The ICC will eventually be competent on the crime of aggression, prosecuting not only war crimes, but also the crime of war (for which heads of states bear primary responsibility), write Daniele Archibugi and Alice Pease 
 
AFTER a quarter of a century of activity, the International Criminal Tribunal for the former Yugoslavia (ICTY) closed its doors at the end of 2017. It was the first international criminal court to be established after the experiences of Nuremberg and Tokyo, restoring hope that the perpetrators of international crimes could be prosecuted even outside their own state.
It is not surprising, therefore, that those who care about the defence of human rights have carefully observed this venture. After the institution of the ICTY, other international tribunals were activated, including the ad hoc tribunal for Rwanda and the hybrid tribunals for Sierra Leone, Cambodia and East Timor. But, above all, the International Criminal Court, which came to life in 1998.
Numbers show that the ICTY achieved partial success: of the 162 indicted, all were caught, 90 convicted, 19 acquitted, the others transferred to national courts, or had their proceedings suspended. The tribunal has developed the existing norms of international criminal accountability considerably and generated important precedents.
World public opinion will certainly remember the trials against two of the fiercest instigators of the Srebrenica massacre, Radovan Karadžic and Ratko Mladic, both serving exemplary sentences (to 40 years of imprisonment and to life imprisonment respectively). It will remember Serbian president Slobodan Miloševic, mysteriously found dead just before the judges pronounced the verdict.
The ICTY will also be remembered for the extreme act of Slobodan Praljak, a Croatian defendant with a secondary role during the civil war. When he committed suicide by taking a shot of cyanide in front of his judges on November 29, 2017, as filmed by several international televisions, he suddenly became one of its most famous defendants. The dramatic event went viral. A live suicide sparked the imagination of the public, even of those who had little knowledge of the Yugoslavian civil war.

Slobodan Praljak
BEFORE the dissolution of Yugoslavia, Praljak was an industrious and multifaceted citizen. He studied electrical engineering at the University of Zagreb, and his intellectual curiosity led him to study philosophy and sociology as well.
With alternating fortunes he worked in the world of entertainment: he directed theatres in Zagreb and in Mostar, produced television shows and even shot a film. In his private life, in line with the integration policy in Marshall Tito’s Yugoslavia, he married a Muslim wife.
With the onset of hostilities, Praljak enrolled himself voluntarily into the paramilitary, becoming a commander of a peculiar unit composed of intellectuals, artists and musicians.
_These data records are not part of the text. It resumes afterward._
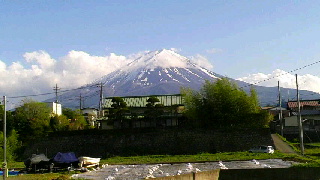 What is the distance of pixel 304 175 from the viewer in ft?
64.8

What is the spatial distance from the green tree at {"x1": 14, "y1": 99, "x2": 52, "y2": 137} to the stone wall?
21.1 ft

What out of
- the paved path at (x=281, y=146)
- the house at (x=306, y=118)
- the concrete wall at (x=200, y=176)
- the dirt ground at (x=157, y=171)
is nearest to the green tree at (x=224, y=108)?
the paved path at (x=281, y=146)

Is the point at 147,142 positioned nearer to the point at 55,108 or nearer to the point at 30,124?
the point at 30,124

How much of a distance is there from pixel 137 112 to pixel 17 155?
18076 millimetres

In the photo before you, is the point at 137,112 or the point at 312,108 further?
the point at 312,108

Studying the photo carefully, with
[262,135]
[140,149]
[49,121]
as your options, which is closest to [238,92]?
[262,135]

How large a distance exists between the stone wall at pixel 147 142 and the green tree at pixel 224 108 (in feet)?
6.52

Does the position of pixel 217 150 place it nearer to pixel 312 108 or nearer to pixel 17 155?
pixel 17 155

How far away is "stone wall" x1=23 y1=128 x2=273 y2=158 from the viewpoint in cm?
4191

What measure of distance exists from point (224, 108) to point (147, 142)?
338 inches

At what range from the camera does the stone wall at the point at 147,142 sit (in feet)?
137

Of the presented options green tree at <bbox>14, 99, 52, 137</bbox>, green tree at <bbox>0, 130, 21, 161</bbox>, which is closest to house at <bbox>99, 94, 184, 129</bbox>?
green tree at <bbox>14, 99, 52, 137</bbox>

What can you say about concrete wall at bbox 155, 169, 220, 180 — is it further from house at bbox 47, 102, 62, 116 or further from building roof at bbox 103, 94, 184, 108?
house at bbox 47, 102, 62, 116

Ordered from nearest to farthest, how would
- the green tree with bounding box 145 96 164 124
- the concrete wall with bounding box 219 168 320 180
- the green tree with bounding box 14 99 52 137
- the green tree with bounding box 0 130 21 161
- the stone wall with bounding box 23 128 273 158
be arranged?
the concrete wall with bounding box 219 168 320 180, the stone wall with bounding box 23 128 273 158, the green tree with bounding box 0 130 21 161, the green tree with bounding box 14 99 52 137, the green tree with bounding box 145 96 164 124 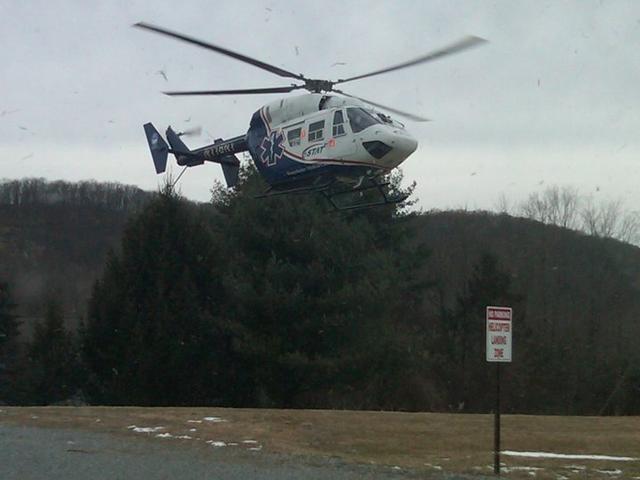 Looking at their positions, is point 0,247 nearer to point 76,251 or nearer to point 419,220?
point 76,251

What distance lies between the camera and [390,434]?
54.8ft

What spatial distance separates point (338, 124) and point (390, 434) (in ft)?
18.5

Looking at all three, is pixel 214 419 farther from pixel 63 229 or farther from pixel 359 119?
pixel 63 229

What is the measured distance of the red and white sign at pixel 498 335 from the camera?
12.4 meters

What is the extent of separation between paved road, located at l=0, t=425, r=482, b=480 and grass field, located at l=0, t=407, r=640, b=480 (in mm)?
801

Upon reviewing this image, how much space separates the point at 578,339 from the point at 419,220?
1217 centimetres

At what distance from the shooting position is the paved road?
10.8 meters

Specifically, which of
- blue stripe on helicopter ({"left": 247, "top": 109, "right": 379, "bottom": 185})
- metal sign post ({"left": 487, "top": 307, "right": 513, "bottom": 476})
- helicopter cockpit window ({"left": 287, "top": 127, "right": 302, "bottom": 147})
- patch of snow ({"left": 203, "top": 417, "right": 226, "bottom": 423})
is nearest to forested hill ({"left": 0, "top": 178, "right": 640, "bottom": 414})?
patch of snow ({"left": 203, "top": 417, "right": 226, "bottom": 423})

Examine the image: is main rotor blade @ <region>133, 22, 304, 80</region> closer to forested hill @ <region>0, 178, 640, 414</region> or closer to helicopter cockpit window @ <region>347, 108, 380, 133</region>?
helicopter cockpit window @ <region>347, 108, 380, 133</region>

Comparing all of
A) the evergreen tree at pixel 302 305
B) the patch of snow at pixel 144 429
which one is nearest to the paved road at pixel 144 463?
the patch of snow at pixel 144 429

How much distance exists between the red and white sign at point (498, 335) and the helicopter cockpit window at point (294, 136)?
203 inches

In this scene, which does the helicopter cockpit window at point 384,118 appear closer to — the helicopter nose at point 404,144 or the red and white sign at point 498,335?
the helicopter nose at point 404,144

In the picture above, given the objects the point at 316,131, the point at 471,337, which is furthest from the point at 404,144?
the point at 471,337

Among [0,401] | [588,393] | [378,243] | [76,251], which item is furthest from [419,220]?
[0,401] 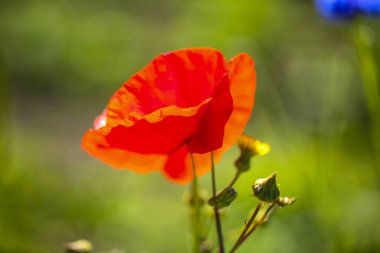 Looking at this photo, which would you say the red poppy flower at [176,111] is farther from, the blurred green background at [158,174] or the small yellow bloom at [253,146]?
the blurred green background at [158,174]

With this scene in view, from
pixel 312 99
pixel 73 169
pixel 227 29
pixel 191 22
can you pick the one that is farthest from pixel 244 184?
pixel 191 22

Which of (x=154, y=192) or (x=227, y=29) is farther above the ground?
(x=227, y=29)

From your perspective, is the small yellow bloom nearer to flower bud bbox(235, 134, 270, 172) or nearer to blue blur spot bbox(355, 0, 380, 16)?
flower bud bbox(235, 134, 270, 172)

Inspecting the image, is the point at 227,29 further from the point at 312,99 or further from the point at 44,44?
the point at 312,99

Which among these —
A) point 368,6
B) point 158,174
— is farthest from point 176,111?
point 158,174

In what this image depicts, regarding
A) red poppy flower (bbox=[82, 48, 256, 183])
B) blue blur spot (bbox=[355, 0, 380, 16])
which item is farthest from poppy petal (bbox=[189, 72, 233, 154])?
blue blur spot (bbox=[355, 0, 380, 16])

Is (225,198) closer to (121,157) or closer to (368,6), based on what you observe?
(121,157) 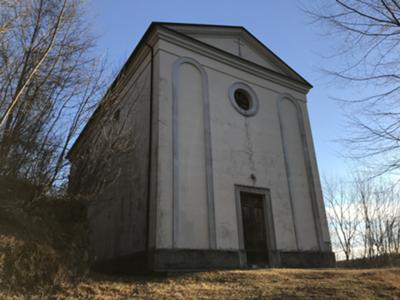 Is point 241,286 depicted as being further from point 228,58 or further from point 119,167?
point 228,58

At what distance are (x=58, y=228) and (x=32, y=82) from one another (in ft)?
11.7

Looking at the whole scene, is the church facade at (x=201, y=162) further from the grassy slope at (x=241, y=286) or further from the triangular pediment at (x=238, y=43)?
the grassy slope at (x=241, y=286)

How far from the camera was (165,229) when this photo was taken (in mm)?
8898

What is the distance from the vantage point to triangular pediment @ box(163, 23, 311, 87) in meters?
12.6

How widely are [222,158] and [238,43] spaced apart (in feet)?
18.7

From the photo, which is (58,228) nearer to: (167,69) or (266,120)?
(167,69)

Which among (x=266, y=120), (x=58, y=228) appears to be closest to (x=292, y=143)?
(x=266, y=120)

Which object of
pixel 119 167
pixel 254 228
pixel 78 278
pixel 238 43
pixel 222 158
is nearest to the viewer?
pixel 78 278

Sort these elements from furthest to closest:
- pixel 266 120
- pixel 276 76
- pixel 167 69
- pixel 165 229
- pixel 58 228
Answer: pixel 276 76
pixel 266 120
pixel 167 69
pixel 165 229
pixel 58 228

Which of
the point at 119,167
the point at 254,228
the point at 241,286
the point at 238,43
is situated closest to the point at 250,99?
the point at 238,43

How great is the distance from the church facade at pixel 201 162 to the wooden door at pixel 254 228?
35 mm

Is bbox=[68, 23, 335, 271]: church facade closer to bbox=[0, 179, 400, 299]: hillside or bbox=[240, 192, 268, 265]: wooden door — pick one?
bbox=[240, 192, 268, 265]: wooden door

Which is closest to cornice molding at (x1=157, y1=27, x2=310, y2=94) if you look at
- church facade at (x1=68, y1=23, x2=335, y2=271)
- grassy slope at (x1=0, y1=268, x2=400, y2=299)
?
church facade at (x1=68, y1=23, x2=335, y2=271)

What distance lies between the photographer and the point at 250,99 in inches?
516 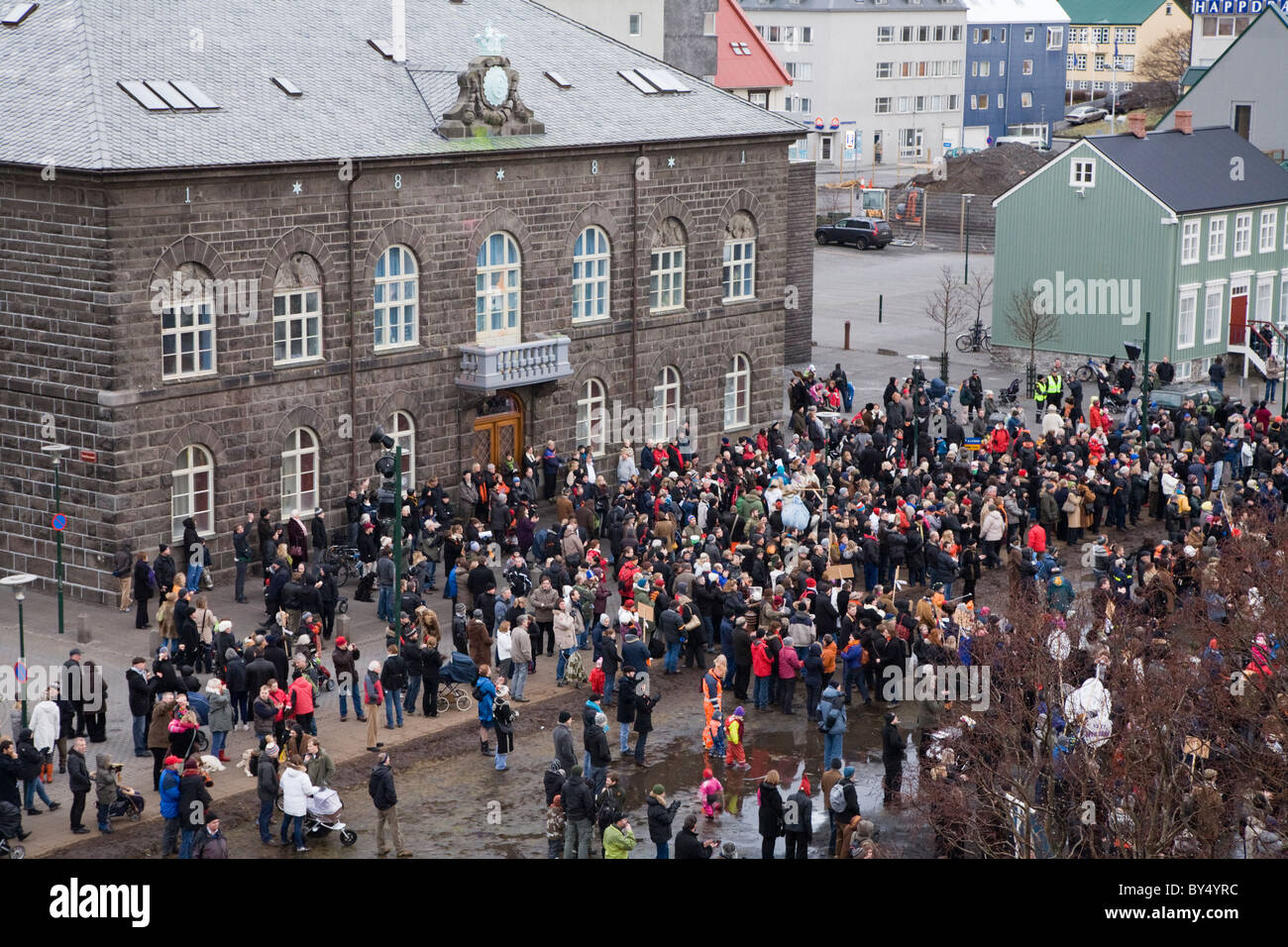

But not even his cosmopolitan background — according to the ICTY judges — stopped him from committing war crimes.
With his macabre toast, Slobodan Praljak was propelled into the spotlight not because of his power, nor even for the cruelty of his felonies. But with an authentically Shakespearean dramatic twist, Praljak showed that the tribunal’s work was more than difficult, it was impossible. Praljak had already served the majority of the twenty years of prison that had been handed to him, and clearly his gesture was not narrowly instrumental. Hans Göring poisoned himself in Nuremberg the day before he had to go to the scaffold; Praljak just before his release from prison.
Criminal justice cannot repair the damage inflicted by an atrocious civil war because in the former Yugoslavia the line between winners and losers, between perpetrators and victims, is too blurred. If Praljak’s suicide is destined to become the final emblem of a quarter of a century of hard work carried out by investigators, magistrates and witnesses, one must wonder whether international criminal justice has effectively achieved its objectives.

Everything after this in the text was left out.